The breakbeats technique—which involved transforming an existing piece of art into a new piece of art—epitomized postmodernism, seamlessly integrating concepts of intertextuality, deconstruction, pastiche, and the blurring of high and low culture. The popularity (and criticism) of breakbeats is reminiscent of Andy Warhol’s screen print technique, where he took famous images of things like Campbell’s Soup cans or Marilyn Monroe’s face and reproduced them with slight variations. Warhol was commenting on mass production, but his process morphed his subjects into something new. 

“Hip-hop was based on sampling." 

Before there was a rap industry, hip-hop started out in the parks of New York. Rodgers was there. When Debbie Harry and Chris Stein from Blondie invited him to a park jam in 1979, he was told he was going to a “hip hop.” Rodgers, now 71, remembers his response: “I said, ‘What the hell is that?’ And they said, ‘Well, that's where you take something hip and you hop on it.’”

When he got there, he saw MCs lining up as if they were at McDonald’s, all waiting for their chance to rap over the break from Chic’s “Good Times.” “They didn't play any other record,” Rodgers says, still befuddled. “I was just standing there…awestruck. The vibe was unbelievable. I just didn't understand, ‘Why didn't they play another record?’”

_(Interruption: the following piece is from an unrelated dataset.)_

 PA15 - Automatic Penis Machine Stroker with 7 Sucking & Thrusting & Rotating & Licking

Perhaps they didn’t play another record because “Good Times” was the song of the summer, topping the Billboard Hot 100 that August. Or maybe it was because the song had an extended instrumental breakdown, giving DJs enough space to create a breakbeat for rappers to jump on. “It was about finding the break, cutting and scratching it back and forth,” says 57-year-old producer Ron "Amen-Ra" Lawrence. Amen-Ra started DJing in the early ‘80s and later crafted classics like The Notorious B.I.G.’s "Hypnotize" and Faith Evans’ “All Night Long” alongside Puff Daddy as a member of the Hitmen in the ‘90s. “The rapper would rap to the break because that's what it was all about.” 

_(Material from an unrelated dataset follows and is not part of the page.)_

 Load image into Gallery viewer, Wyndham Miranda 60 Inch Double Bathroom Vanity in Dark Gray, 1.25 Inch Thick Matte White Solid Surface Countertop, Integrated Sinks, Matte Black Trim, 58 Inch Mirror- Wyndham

View this video on YouTube

youtube.com

The impact of “Good Times” on hip-hop reached another level a few months later when an enterprising executive named Sylvia Robinson from Sugar Hill Records aspired to recreate the vibe of those park jams on wax and masterminded “Rapper’s Delight.” The song’s beat was not a sample though—it was an interpolation. Robinson instructed her house band to replay the breakdown from “Good Times” for 15 minutes straight to create the beat that became “Rapper’s Delight.”

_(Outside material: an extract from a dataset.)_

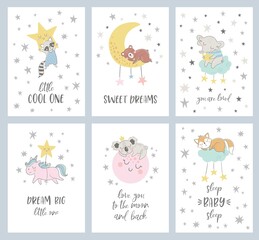 Vector set of six night cards with cute cartoon characters and phrases. Beautiful posters for baby rooms or bedroom. Childish backgrounds with moon, stars, cloud.
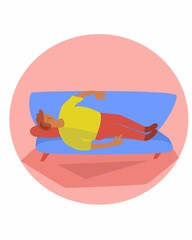 sleeping man is lying on the couch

“When we think of sampling, it's about taking a sample of an actual record and recreating it exactly,” explains Amen-Ra. “In the case of ‘Rapper’s Delight,’ they played the instruments over instead of using a drum machine or sampling machine, so it's not like they sampled it directly. If you replay it exactly, then you would need to clear it with the person who owns the publishing rights.”

Of course, Sylvia Robinson, who produced the song, didn’t actually clear the rights with Nile Rodgers and Bernard Edwards. Today, there are two different laws for sampling (master usage) versus interpolating (publishing rights). For example, when Kanye West couldn’t clear a sample of Lauryn Hill’s "Mystery of Iniquity," he got Syleena Johnson to sing Hill’s vocals over and we got “All Falls Down.” Back in 1979, the clearance process wasn’t as formalized as hip-hop’s commercial viability was unknown—that is, until “Rapper’s Delight” became a phenomenon.

When Rodgers heard “Rapper’s Delight” in 1979, he had a very different experience than he did with “Mo Money, Mo Problems” in 1997. He was at a club when he thought a homage to “Good Times” came on. But what he heard was not a test, someone was rapping to the beat. He assumed it was the DJ, until he spotted him away from the booth, talking to a girl, drinking champagne. He approached the DJ, who told him he’d just copped the record in Harlem and assured him it was the “hottest thing on the street.” “I looked at the label, but I didn't see my name on it,” said Rodgers, who likened lifting “Good Times” to sticking a scene from Star Wars in your music video. “I went from ‘This is clever’ to ‘Damn, where's my name on the copyright?’ All of this happened in a matter of maybe 10, 15 minutes.”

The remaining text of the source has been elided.